Windows Update downloaded the latest security update (KB925902), but after restart I got the folllowing error message:

RTHDCPL.EXE – Illegal System DLL Relocation. The system DLL user32.dll was relocated in memory. The application will not run properly. The relocation occurred because the DLL…

Alrighty!!! A patch gone wrong, apparently. On today I guess, the same day they released that security patch, Microsoft issued a hotfix (KB 935448). Notice that you may get errors while getting to the actual download: it appears that this fix is quite popular. If you run a RealTek card, you probably ran into the same issue. Particularly, if you own a Toshiba laptop.

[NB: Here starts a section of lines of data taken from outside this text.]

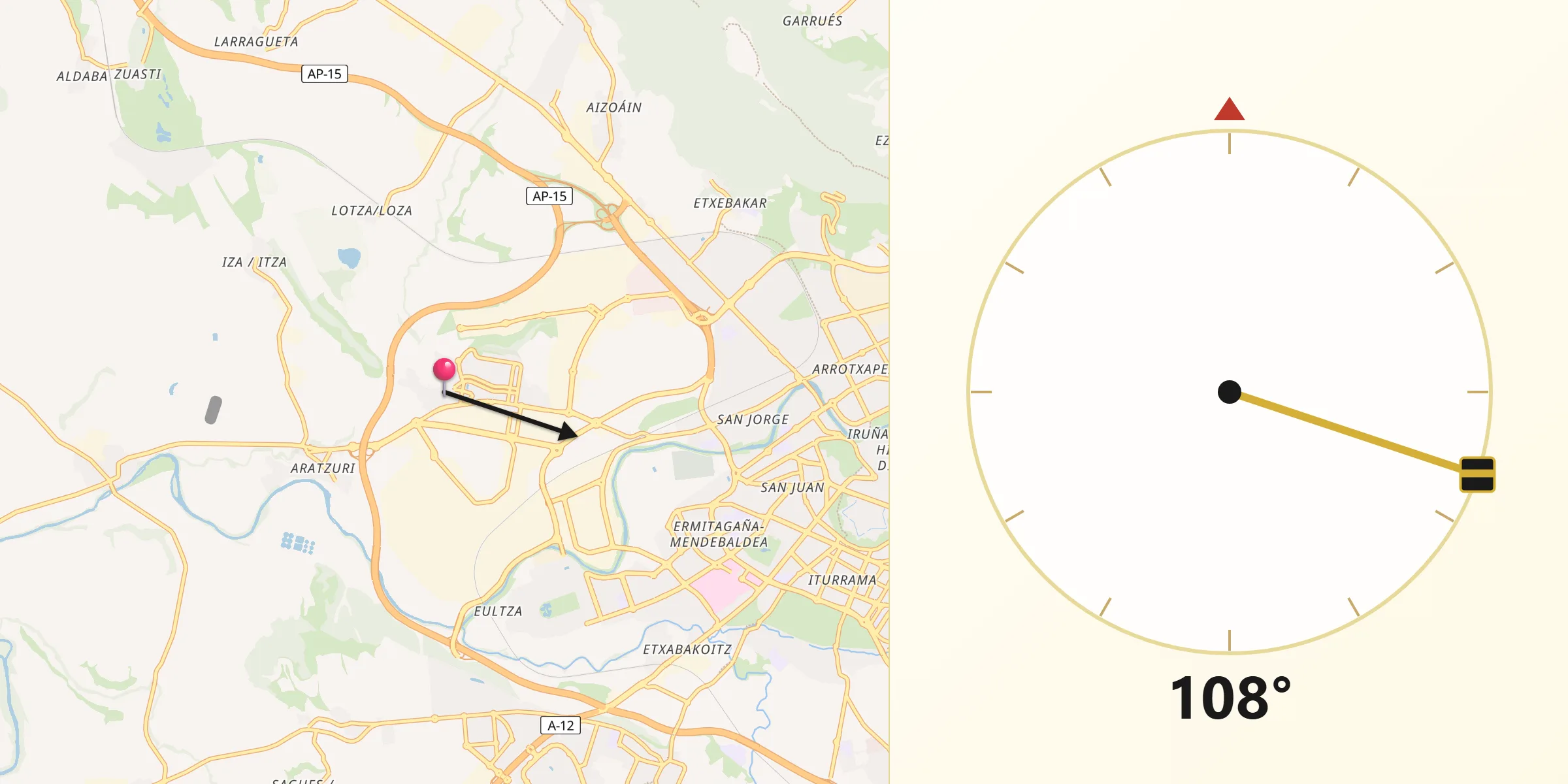 Dirección de la Qibla desde Orkoien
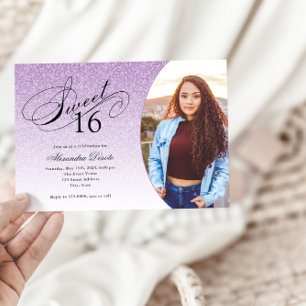 Sweet 16 Birthday Light Purple Glitter Glam Photo  Invitation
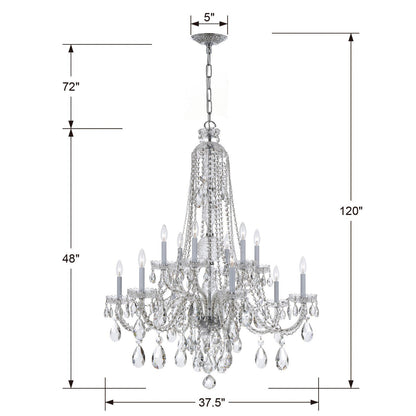 Traditional 12 Light Crystal Chandelier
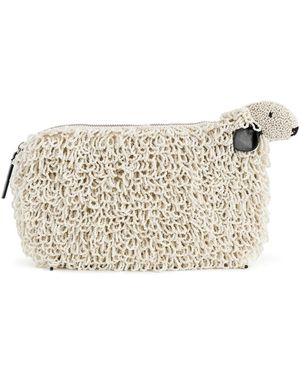 STAUD Dolly Beaded Clutch - White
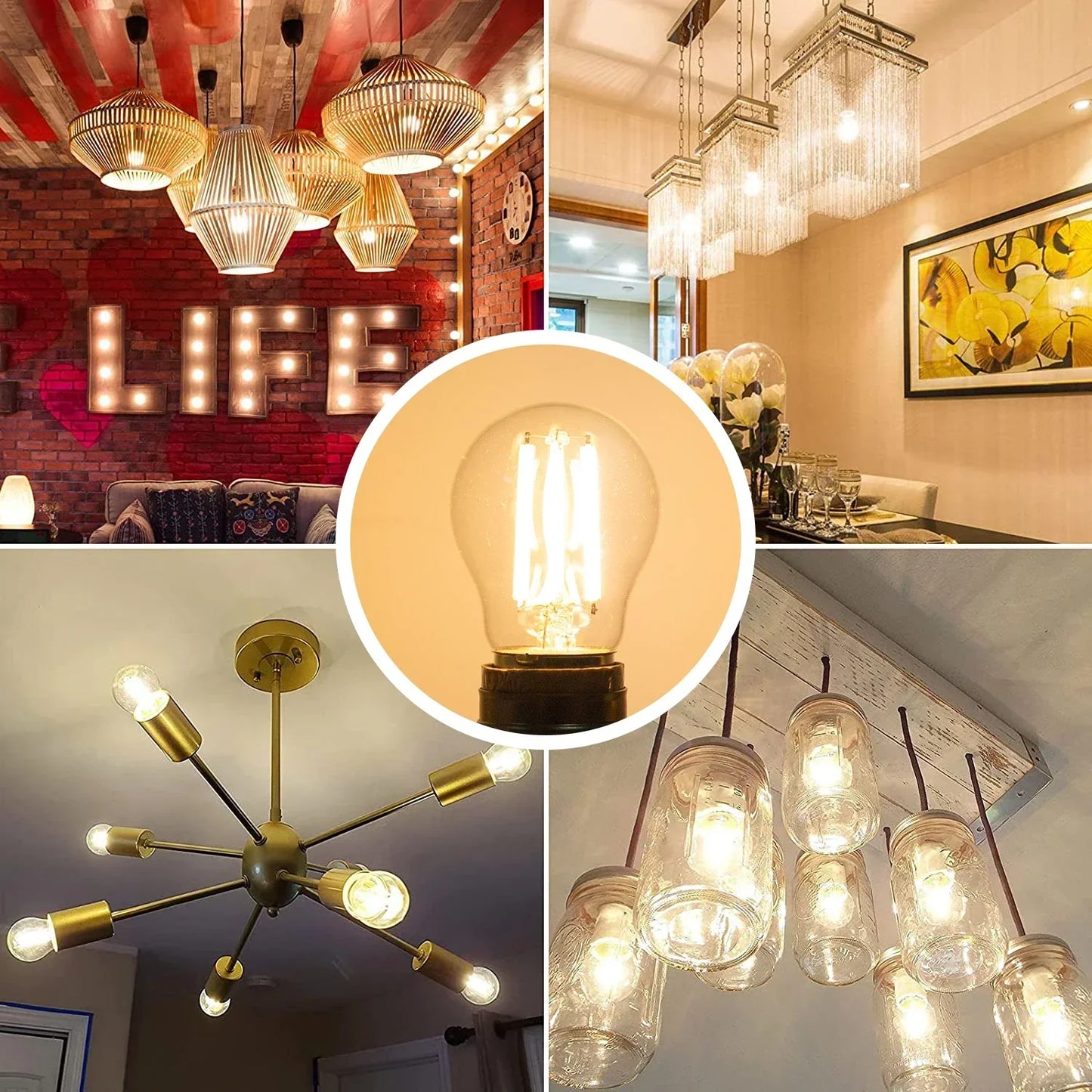 DecorBites™ LED Filament Globe Bulbs G45 E27 6.5W High Lumens Ultra Bright Glass Bulbs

Oh: and talking about patches, you may also consider updating your WordPress (see also here for more details).

04/04/07: Slashdot discusion.
04/11/07: A weeks later, the issue brought up over at the BBC.

The Tech-huh?

Left over stuff from the weekend:

The Neuros OSD, which claims to be the first Open Source Linux Embedded Media Center for US$ 229.00 or something. It’s the buzz around now since it’s Linux-based and (evidently) a growing community of hackers developing software for it: from FTP servers to XMMS2 streaming servers.

The other thing I noticed was the Debian Windows boot loader/Installer: it’s brilliant, although I have my doubts about it. When I have time, I’ll do a test run.

Windows Vista officially goes on sale today, but as you guessed it, don’t expect line-ups. What is really new to it? Even the beta-testers (the Windows fans as other would call them) don’t have me convinced. Better user-experience and productivity? They promised that since Windows 95, if you remember. And if Vista does break-even, what else can we expect in the future?1, 2, 3, 4 I bet that there are hundreds of discussions going on about that within Microsoft. Listen: if I’m not allowed to make a legitimate copy of a file and listen it elsewhere on my own property and on my own hardware, count me out of your ‘Digital Revolution’.

1 Michael Geist about Vista’s DRM and fine print.
2 Security researcher breaks Microsoft’s DRM.
3 Microsoft patents idea taken from professor
4 Microsoft withdrawing patent-application.